Griffin & Sabine
An Extraordinary Correspondence
Nick Bantock
(Chronicle)
Griffin Moss is a poor artist, designer of postcards, living in a garret in London. He gets a love note from Sabine Strohem. She lives on Katie, one of the Sicmons, a chain of five islands in the South Pacific. She too is an artist, designs stamps for the impoverished government to sell to stamp collectors all over the world.

The way they find each other: she has visions of his art work. "When you draw or paint, I see what you are doing while you do it." To prove it she tells him, "Last week while working on a head in chalk, you paused and lightly sketched a bird on the bottom corner of the paper."

Griffin & Sabine came out ten years ago; this is the 10th Anniversary Limited Edition; and the whole thing is a corker. Lovely geckoes, kangaroos with hats, giraffes with cigarettes. Open it, see at first the front of the postcards with gorgeous island stamps (Bali-like masks, birds and butterflies) along with great illustrations and those boring English stamps of the queen.

Then, on page 13, envelope addressed to

    Griffin Moss
    41 Yeats Avenue
    London
    NW 3
    England.

Turn the page open the envelope, and there is a creamy paper, the clear writing of Sabine, telling of her father who collected specimens for the Natural History Museum in Paris; who once told her "Pain and beauty, our constant bedfellows." "Don't feel invaded," she tells Griffin.

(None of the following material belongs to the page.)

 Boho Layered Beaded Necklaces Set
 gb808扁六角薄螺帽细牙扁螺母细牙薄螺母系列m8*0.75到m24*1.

The next page, envelope addressed to her, decorated in filigree (Renaissance face, long nose being snapped by smiling fish --- see below). Open up the envelope: bad typing, childhood stories of father "wearing his traditional uniform of socks and moth-eaten dressing gown," mother in her "lemon carpet slippers and housecoat." Mother and father die in accident when he is 15, he moves in with mother's stepsister, "a potter, the kindest person I've ever met."

§     §     §

Wandering through Griffin and Sabine is like moving into the lives of two artistic, sensitive people, and having a chance to read their mail. The cards and letters are loaded with drawings and sketches, primitive and Renaissance, naturalistic. Further on in the book the pictures and words get weirder, more violent (banana shooting bullet through apple; four naked featherless birds crowding each other, vacant blue-blind eyes) The words, too, become more desperate: "I never used to be like this," he writes: "My days are barren." She tells him to visit, but:

    Sabine
    Things have become so difficult ... you don't exist ... I invented you ... before it takes me over it has to stop.
    Goodbye.

Then she:

    You do not dismiss a muse at whim.